Researchers from the Singapore-based cybersecurity company said that this is the single biggest and one of the most valuable database uploads on the dark web. “Early data analysis suggests the card details may have been obtained via skimming devices, installed either on ATMs or point of sale (PoS) systems,” the report mentions.
Cybercriminals use the data bought from Joker’s Stash typically by cloning legitimate cards and withdrawing money from ATMs. This is known as Track 2 data which is found on the magnetic stripe of the cards.
Ilya Sachkov, CEO and founder of Group-IB, said, “The cards from this region are very rare on underground markets, in the past 12 months, it is the only big sale of card dumps related to Indian banks. Group-IB’s Threat Intelligence customers have already been notified about the sale of this database. The information was also shared with proper authorities.”
As of now, the details of the origin of these card information are not known. Moreover, there’s no confirmation on which banks are compromised. But according to Group-IB, 18% of cards were related to a single Indian bank.
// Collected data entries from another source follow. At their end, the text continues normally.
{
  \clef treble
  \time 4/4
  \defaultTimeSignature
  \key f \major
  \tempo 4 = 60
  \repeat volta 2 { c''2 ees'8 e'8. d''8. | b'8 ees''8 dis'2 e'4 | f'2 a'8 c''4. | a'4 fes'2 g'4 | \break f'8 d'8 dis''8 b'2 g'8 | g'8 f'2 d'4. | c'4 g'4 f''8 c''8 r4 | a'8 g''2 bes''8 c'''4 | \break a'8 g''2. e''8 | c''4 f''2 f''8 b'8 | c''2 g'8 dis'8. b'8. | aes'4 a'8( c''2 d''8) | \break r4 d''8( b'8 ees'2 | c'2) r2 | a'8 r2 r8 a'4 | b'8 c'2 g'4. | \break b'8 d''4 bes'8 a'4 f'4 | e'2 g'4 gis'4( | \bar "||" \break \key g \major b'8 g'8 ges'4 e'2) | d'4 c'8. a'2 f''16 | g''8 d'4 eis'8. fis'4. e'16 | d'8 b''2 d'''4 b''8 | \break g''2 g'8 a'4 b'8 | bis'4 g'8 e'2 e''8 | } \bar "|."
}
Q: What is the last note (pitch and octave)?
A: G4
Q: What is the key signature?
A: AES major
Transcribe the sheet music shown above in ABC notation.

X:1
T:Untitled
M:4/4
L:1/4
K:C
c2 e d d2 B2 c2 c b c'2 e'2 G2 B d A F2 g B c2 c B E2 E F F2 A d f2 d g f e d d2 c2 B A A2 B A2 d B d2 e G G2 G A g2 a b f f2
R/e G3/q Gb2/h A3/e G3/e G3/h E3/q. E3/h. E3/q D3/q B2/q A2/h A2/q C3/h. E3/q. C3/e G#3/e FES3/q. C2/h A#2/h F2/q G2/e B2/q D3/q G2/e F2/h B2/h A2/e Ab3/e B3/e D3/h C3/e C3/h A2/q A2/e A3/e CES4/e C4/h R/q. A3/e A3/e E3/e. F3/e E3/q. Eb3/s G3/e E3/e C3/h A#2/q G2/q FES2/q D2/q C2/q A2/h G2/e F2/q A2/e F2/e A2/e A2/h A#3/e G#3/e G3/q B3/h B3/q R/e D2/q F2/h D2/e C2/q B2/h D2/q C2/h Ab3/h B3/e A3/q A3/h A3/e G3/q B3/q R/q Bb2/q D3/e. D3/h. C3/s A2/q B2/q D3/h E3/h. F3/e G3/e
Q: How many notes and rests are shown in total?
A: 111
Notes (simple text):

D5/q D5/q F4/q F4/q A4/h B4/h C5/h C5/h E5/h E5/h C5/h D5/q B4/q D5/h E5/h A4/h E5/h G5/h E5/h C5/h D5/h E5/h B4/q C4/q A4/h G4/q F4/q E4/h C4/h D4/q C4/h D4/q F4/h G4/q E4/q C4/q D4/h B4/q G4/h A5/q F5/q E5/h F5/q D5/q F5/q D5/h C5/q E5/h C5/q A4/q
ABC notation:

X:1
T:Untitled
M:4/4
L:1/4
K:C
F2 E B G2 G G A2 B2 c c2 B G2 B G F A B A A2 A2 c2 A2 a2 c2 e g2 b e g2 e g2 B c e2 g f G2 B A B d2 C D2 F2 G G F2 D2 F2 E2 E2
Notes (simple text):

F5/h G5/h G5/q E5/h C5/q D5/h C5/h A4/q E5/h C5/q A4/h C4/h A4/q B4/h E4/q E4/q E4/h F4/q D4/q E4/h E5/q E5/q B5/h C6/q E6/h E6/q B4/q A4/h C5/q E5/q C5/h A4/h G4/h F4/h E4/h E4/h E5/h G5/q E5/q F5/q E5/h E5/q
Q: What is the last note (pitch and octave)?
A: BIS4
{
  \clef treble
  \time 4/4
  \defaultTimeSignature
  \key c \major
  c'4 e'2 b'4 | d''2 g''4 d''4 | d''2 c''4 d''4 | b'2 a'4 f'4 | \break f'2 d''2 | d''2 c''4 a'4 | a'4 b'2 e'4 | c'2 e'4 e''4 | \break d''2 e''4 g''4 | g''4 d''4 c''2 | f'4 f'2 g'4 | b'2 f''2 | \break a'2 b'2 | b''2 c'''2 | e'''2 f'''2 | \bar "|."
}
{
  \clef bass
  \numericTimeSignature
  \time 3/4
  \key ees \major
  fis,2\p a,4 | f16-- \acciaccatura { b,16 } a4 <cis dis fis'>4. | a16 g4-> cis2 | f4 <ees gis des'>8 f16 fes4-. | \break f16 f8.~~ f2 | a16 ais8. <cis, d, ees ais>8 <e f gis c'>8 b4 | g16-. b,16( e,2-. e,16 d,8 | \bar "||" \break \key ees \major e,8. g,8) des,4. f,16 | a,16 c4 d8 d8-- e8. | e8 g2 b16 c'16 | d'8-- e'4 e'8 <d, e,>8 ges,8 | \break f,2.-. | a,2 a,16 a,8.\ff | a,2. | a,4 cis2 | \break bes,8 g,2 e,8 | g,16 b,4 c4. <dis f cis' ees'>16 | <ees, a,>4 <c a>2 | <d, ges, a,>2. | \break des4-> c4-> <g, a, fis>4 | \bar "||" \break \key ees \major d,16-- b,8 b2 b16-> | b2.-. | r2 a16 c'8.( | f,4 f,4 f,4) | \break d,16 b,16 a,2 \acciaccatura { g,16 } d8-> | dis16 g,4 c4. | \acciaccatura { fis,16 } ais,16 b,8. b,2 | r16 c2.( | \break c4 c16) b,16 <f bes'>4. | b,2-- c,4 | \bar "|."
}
Joker’s Stash has become one of the significant underground credit card shops over the past five years. Vital releases of stolen credit cards from data breaches at companies like British Airways, Target, Walmart, Lord & Taylor, etc. have added to its portfolio. The incident came to light back in February when banking details for 2.15 million Americans were put up for sale and a similar second incident in August saw card details of 5.3 million taken from gas and convenience chain Hy-Vee that were later made available on Joker’s Stash.